Please give back each line of the material unchanged, but without the images.

(SUPPLIED RECORDS)

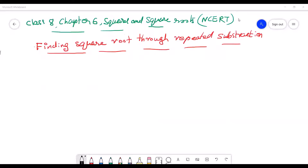Welcome to today's ST Dynamics class. Today our topic is finding square root through repeated subtraction. After attending the full session, you will better understand square root through repeated subtraction. Please press the like button as well as the subscription button, and now let us start.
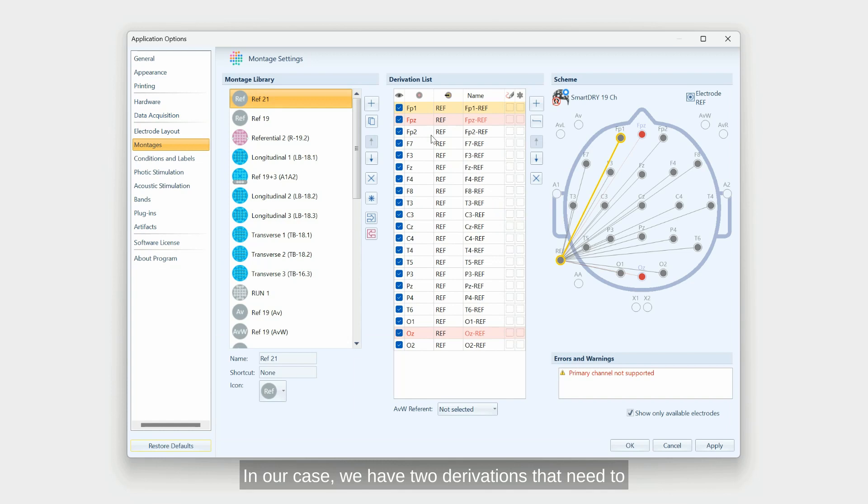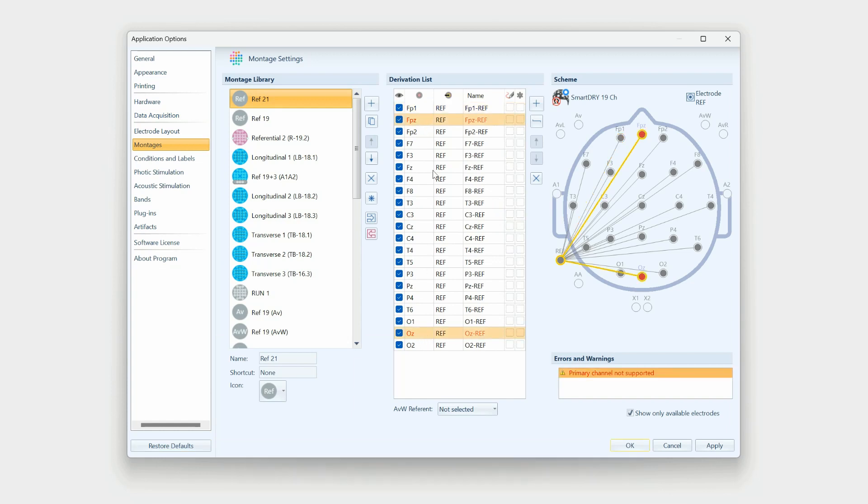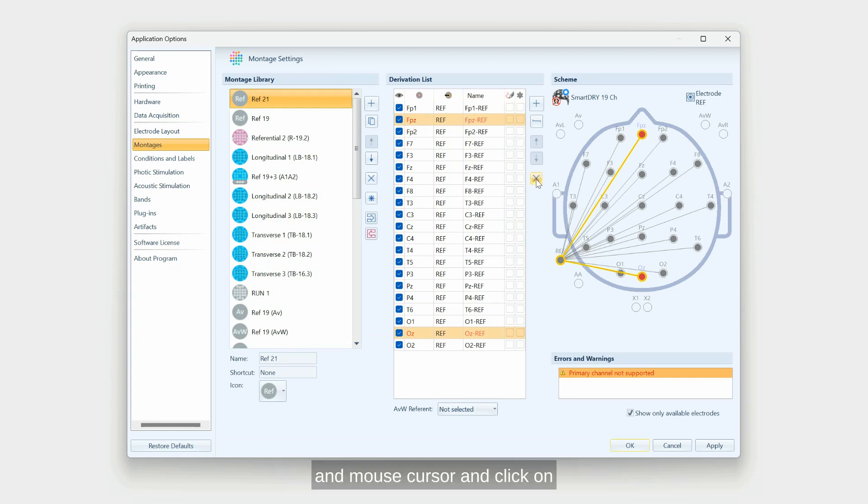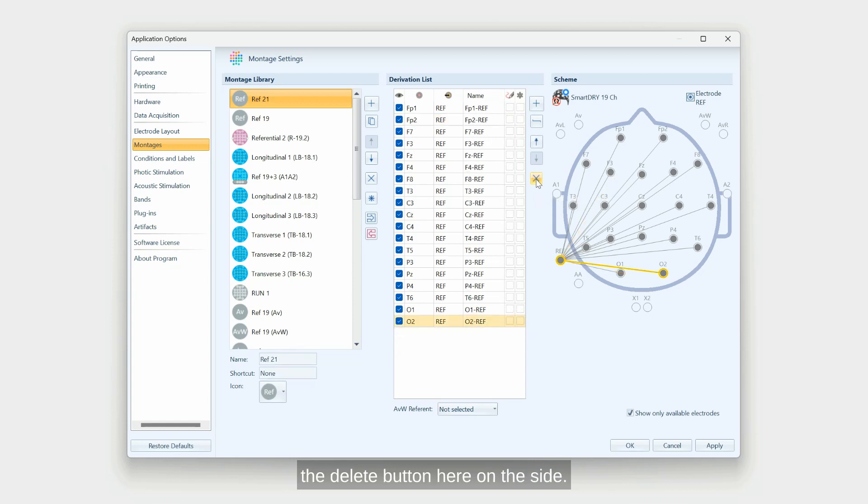In our case, we have two derivations that need to be deleted as the SmartDryCap doesn't have them. Simply select FPZ and OZ using Control and mouse cursor and click on the delete button here on the side.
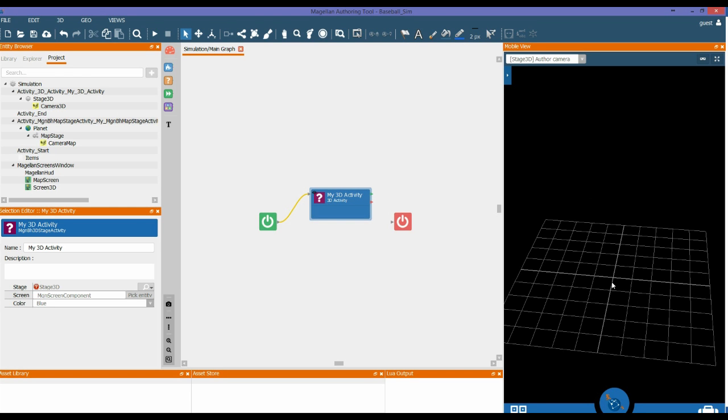In this tutorial, we have shown you how to add a 3D activity to your project and how to navigate the 3D scene using your mouse. Now you can have a try in the MIDI activity. See you there.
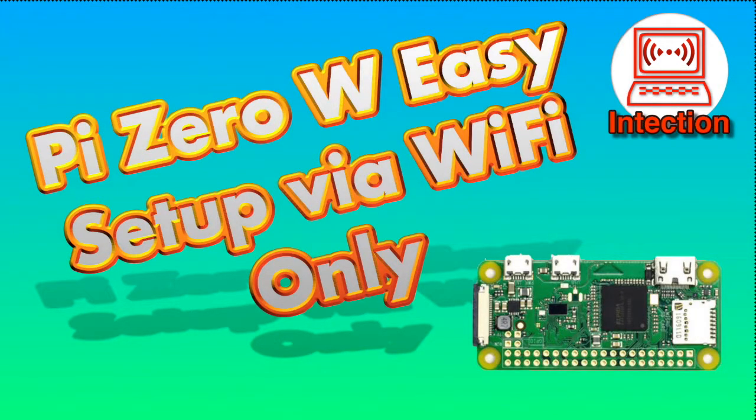Hi, I'm Steve Newman and this is Intection. Today I'm going to set up a Raspberry Pi W just using Wi-Fi only.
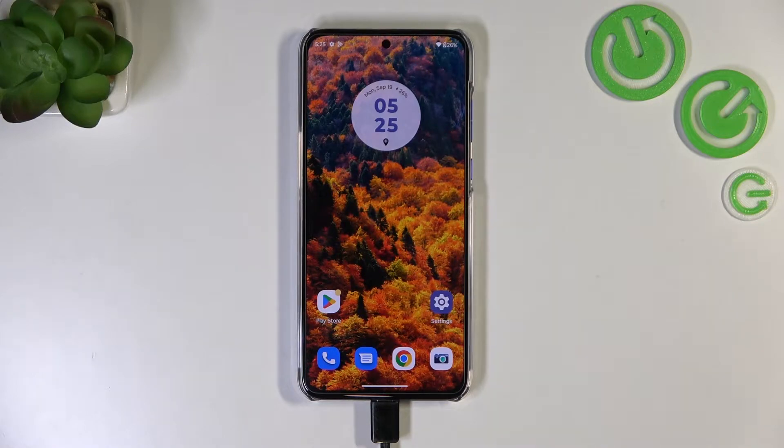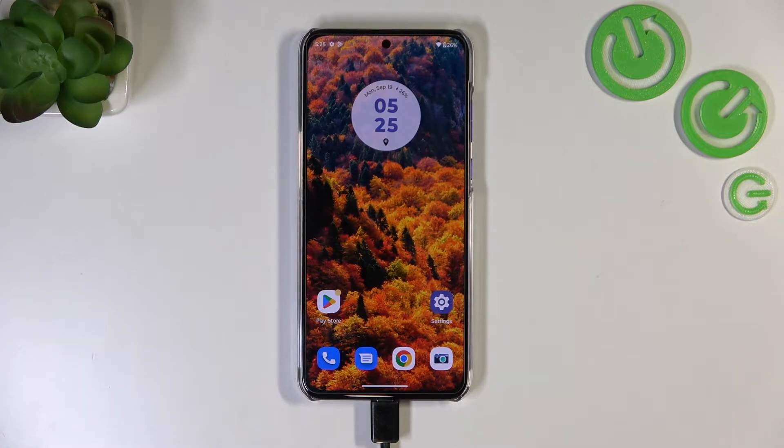Hi everyone, in front of me I've got the Motorola Edge 13 Neo and let me share with you how to turn off running apps on this device.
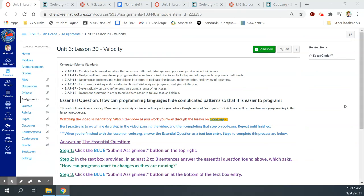Hey guys, Mr. Decker here. This is Unit 3, Lesson 20 on Velocity.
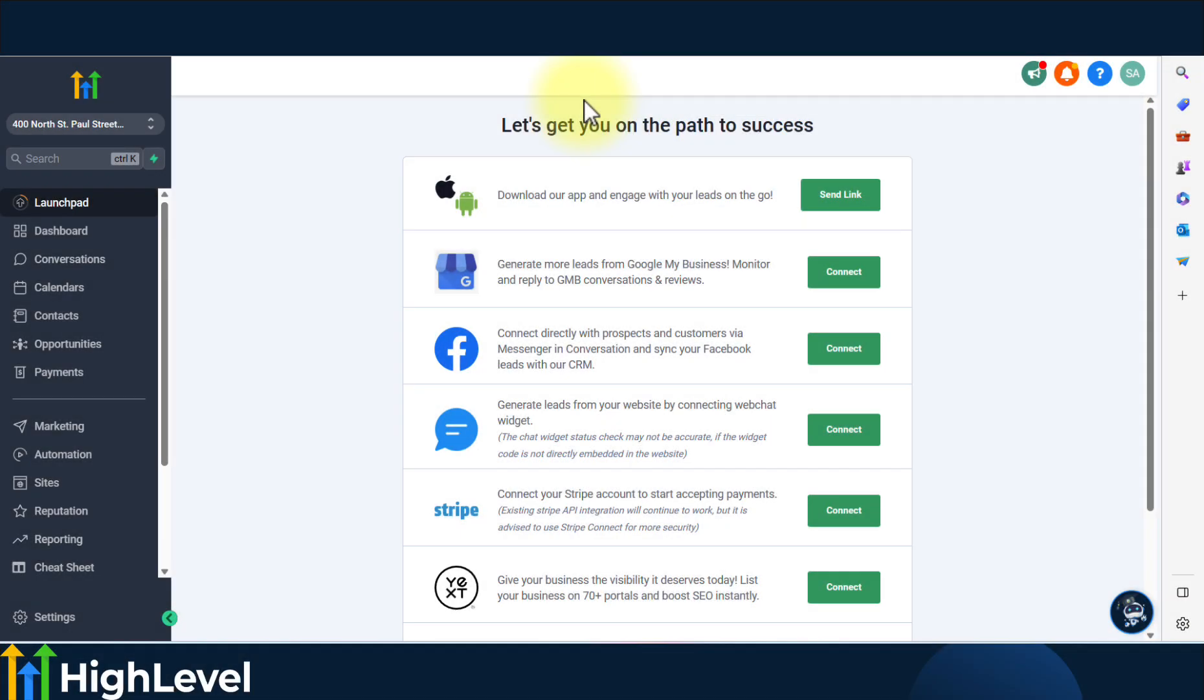Hey everyone, welcome to another quick tutorial. In this video, we're going to talk about how to use custom values inside email and SMS campaigns.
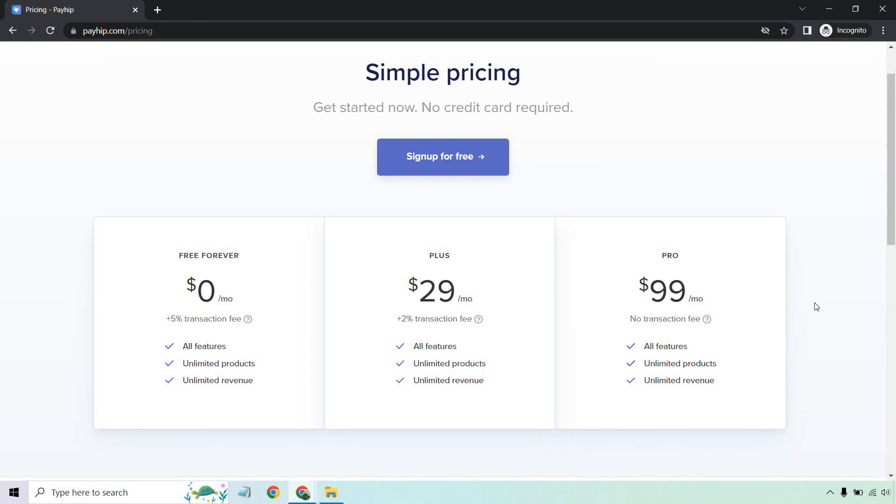But I hope you got some value out of this when it comes to using their course feature. I will put a link down below. We can actually get started for free and test this out yourself, uploading your course, start getting some students and go from there. Thank you so much for watching. If you have any questions, feel free to leave a comment down below and I'll talk to you soon.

(End SUPPLIED RECORDS)

**RESPONSE FOR THIS EXERCISE**
Welcome to today's ST Dynamics class. Today our topic is finding square root through repeated subtraction. After attending the full session, you will better understand square root through repeated subtraction. Please press the like button as well as the subscription button, and now let us start.
In our case, we have two derivations that need to be deleted as the SmartDryCap doesn't have them. Simply select FPZ and OZ using Control and mouse cursor and click on the delete button here on the side.
In this tutorial, we have shown you how to add a 3D activity to your project and how to navigate the 3D scene using your mouse. Now you can have a try in the MIDI activity. See you there.
Hi, I'm Steve Newman and this is Intection. Today I'm going to set up a Raspberry Pi W just using Wi-Fi only.
Hi everyone, in front of me I've got the Motorola Edge 13 Neo and let me share with you how to turn off running apps on this device.
Hey guys, Mr. Decker here. This is Unit 3, Lesson 20 on Velocity.
Hey everyone, welcome to another quick tutorial. In this video, we're going to talk about how to use custom values inside email and SMS campaigns.
But I hope you got some value out of this when it comes to using their course feature. I will put a link down below. We can actually get started for free and test this out yourself, uploading your course, start getting some students and go from there. Thank you so much for watching. If you have any questions, feel free to leave a comment down below and I'll talk to you soon.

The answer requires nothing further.